Lawyers for ex-Trump aide Paul Manafort have told a court that his deputy led a “secret life” and told so many lies he could not keep track of them all.
Mr Manafort’s defence team is cross-examining his former right hand man, Rick Gates, who is now star witness for the prosecution.
Gates told the court on Monday that Mr Manafort ordered him to commit fraud.
This is the first criminal trial to come from the Department of Justice-led inquiry into alleged Russian meddling.
Kevin Downing, Mr Manafort’s defence attorney, began his line of questioning on day six of the trial by asking about Gates’ co-operation with special counsel Robert Mueller.
“When did you start providing false and misleading information to the special counsel’s office?” he began, pointing to the fact that Gates had lied to investigators before entering his guilty plea.
“Have they confronted you with so many lies that you can’t remember?” he added.
The two former business partners were indicted last October for hiding millions of dollars they made lobbying for Russian-backed Ukrainian politicians.
Mr Manafort, 69, has pleaded not guilty to bank fraud and tax fraud relating to their political consulting, which predated the Trump 2016 campaign they worked on together.
But Gates, 46, struck a plea deal with prosecutors in February, admitting two charges of conspiracy and lying to the FBI.
Mr Manafort’s defence team set about attacking Gates’ credibility on Tuesday.
In the middle of questioning, Mr Downing asked: “There was another Richard Gates, isn’t that right? A secret Richard Gates?”
Gates responded that he had had an extramarital affair over ten years ago.

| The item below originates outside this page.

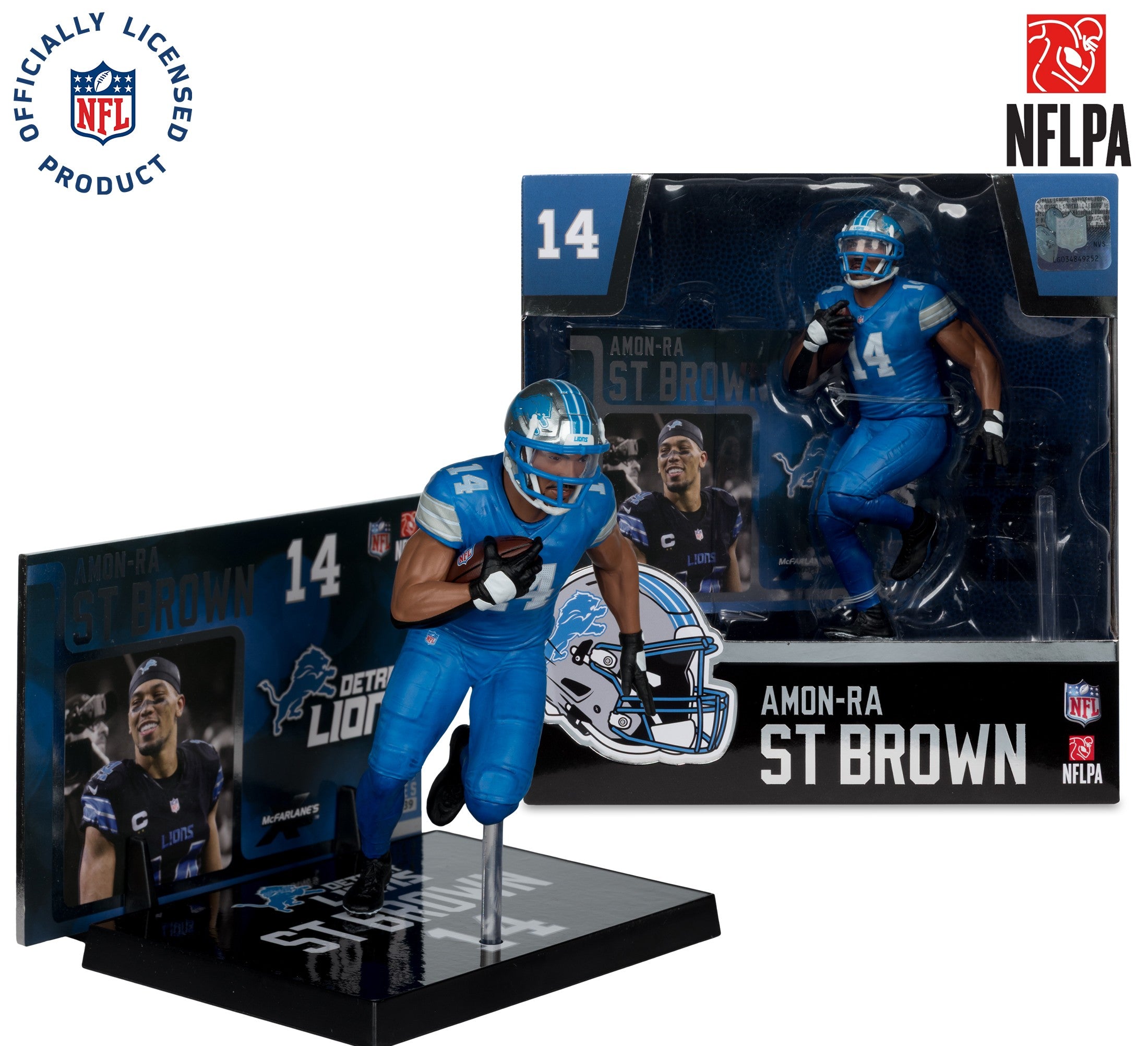 Figura Coleccionable NFL McFarlane's Lions Amon-Ra St. Brown - NERIAS DEPORTES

“As part of your secret life, did you have a flat?” Mr Downing asked. “Is that what they call an apartment in London ?”
Gates acknowledged he had maintained a place in London for two months, and claiming luxury hotels as a business expense during the relationship.
According to reporters in the court, Gates has not made eye contact with Mr Manafort during his two days of testimony.

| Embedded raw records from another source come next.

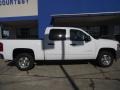 2013 Summit White Chevrolet Silverado 1500 LT Crew Cab  photo #4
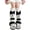 White, variant on CAIXIA Kawaii Winter Knitted Japanese Style Leg Warmers Knee High Loose Socks Y2k Harajuku Leg Warmers for Girls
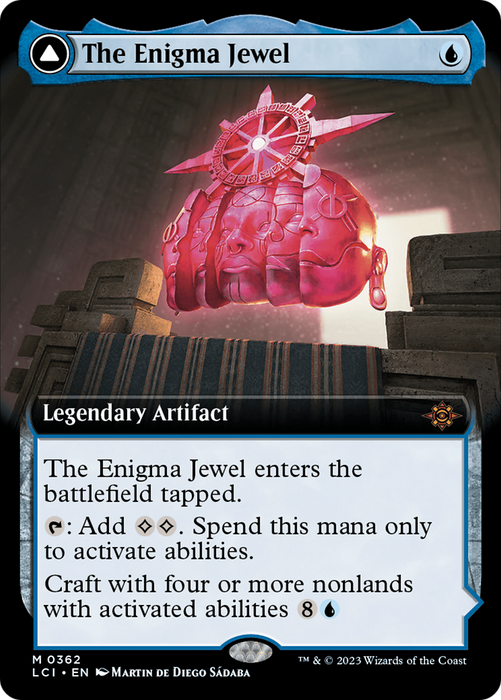 The Enigma Jewel // Locus of Enlightenment (Extended Art) [LCI-362] - The Lost Caverns of Ixalan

Prosecutors provided emails on Tuesday between Mr Manafort and Gates which appeared to show that the two had moved money through a foreign bank account in Cyprus.

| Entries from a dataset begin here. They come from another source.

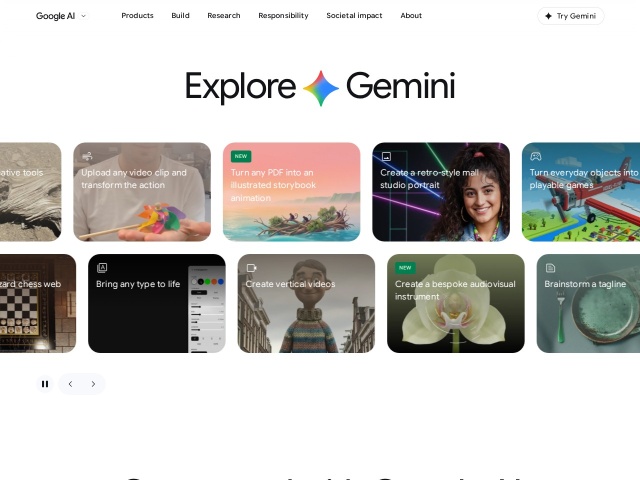 Google Al网站首页预览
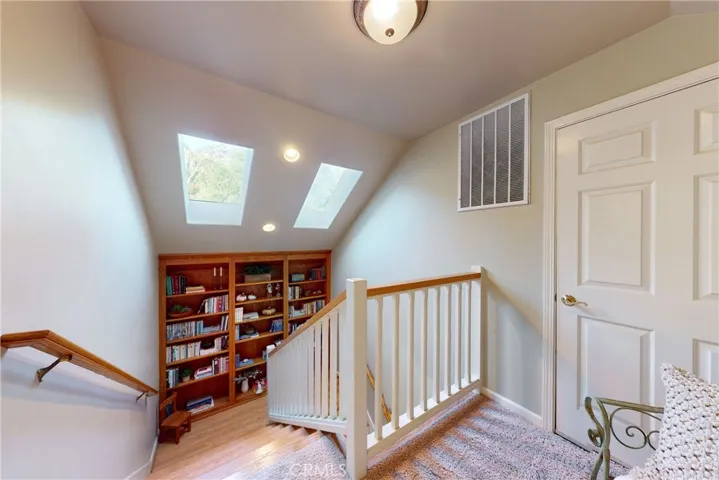 Skylights in Stairwell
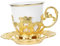 Mikikit 1 Ensemble Tasse de café tasses à expresso tasses à cappuccino italien tasse expresso tasse à cappuccino tasse à café expresso demi-tasse Céramique Golden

One text exchange drew some laughter from the courtroom, when one message revealed Mr Manafort’s dismay at his high tax rate.
Mr Manafort wrote: “How could I be blindsided like this? You told me you were on top of this. We need to discuss options. This is a disaster.”
The witness told the Alexandria, Virginia, court on Monday that he was helping prosecutors in the hope of leniency.
Gates – who still faces up to six years in prison under the terms of his plea deal – said Mr Manafort had directed him to commit bank and tax fraud.